#### WORK TO COMPLETE
What does the data read, word for word, from the line containing "Hollywood regency great" through its final line? Give those lines only.

#### MATERIAL FOR THIS TASK
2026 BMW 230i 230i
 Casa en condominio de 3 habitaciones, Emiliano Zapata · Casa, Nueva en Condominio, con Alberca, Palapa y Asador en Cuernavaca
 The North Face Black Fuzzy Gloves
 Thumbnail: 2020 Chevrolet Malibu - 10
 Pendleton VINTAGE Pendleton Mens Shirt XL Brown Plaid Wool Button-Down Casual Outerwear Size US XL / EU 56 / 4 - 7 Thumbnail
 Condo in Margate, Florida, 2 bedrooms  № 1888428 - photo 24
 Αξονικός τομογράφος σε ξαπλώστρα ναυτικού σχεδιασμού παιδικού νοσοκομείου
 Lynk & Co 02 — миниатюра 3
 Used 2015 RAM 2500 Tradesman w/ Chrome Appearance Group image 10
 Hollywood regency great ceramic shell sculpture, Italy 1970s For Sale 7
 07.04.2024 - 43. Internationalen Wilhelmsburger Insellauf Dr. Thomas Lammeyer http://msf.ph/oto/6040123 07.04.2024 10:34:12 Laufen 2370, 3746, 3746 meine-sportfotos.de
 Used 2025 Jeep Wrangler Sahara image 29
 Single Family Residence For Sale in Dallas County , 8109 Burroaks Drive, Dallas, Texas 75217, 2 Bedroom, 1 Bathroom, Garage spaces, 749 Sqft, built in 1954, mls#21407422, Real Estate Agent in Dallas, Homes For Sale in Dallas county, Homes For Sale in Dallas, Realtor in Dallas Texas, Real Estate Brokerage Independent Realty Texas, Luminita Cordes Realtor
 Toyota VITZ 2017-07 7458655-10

#### WRITTEN SOLUTION
 Hollywood regency great ceramic shell sculpture, Italy 1970s For Sale 7
 07.04.2024 - 43. Internationalen Wilhelmsburger Insellauf Dr. Thomas Lammeyer http://msf.ph/oto/6040123 07.04.2024 10:34:12 Laufen 2370, 3746, 3746 meine-sportfotos.de
 Used 2025 Jeep Wrangler Sahara image 29
 Single Family Residence For Sale in Dallas County , 8109 Burroaks Drive, Dallas, Texas 75217, 2 Bedroom, 1 Bathroom, Garage spaces, 749 Sqft, built in 1954, mls#21407422, Real Estate Agent in Dallas, Homes For Sale in Dallas county, Homes For Sale in Dallas, Realtor in Dallas Texas, Real Estate Brokerage Independent Realty Texas, Luminita Cordes Realtor
 Toyota VITZ 2017-07 7458655-10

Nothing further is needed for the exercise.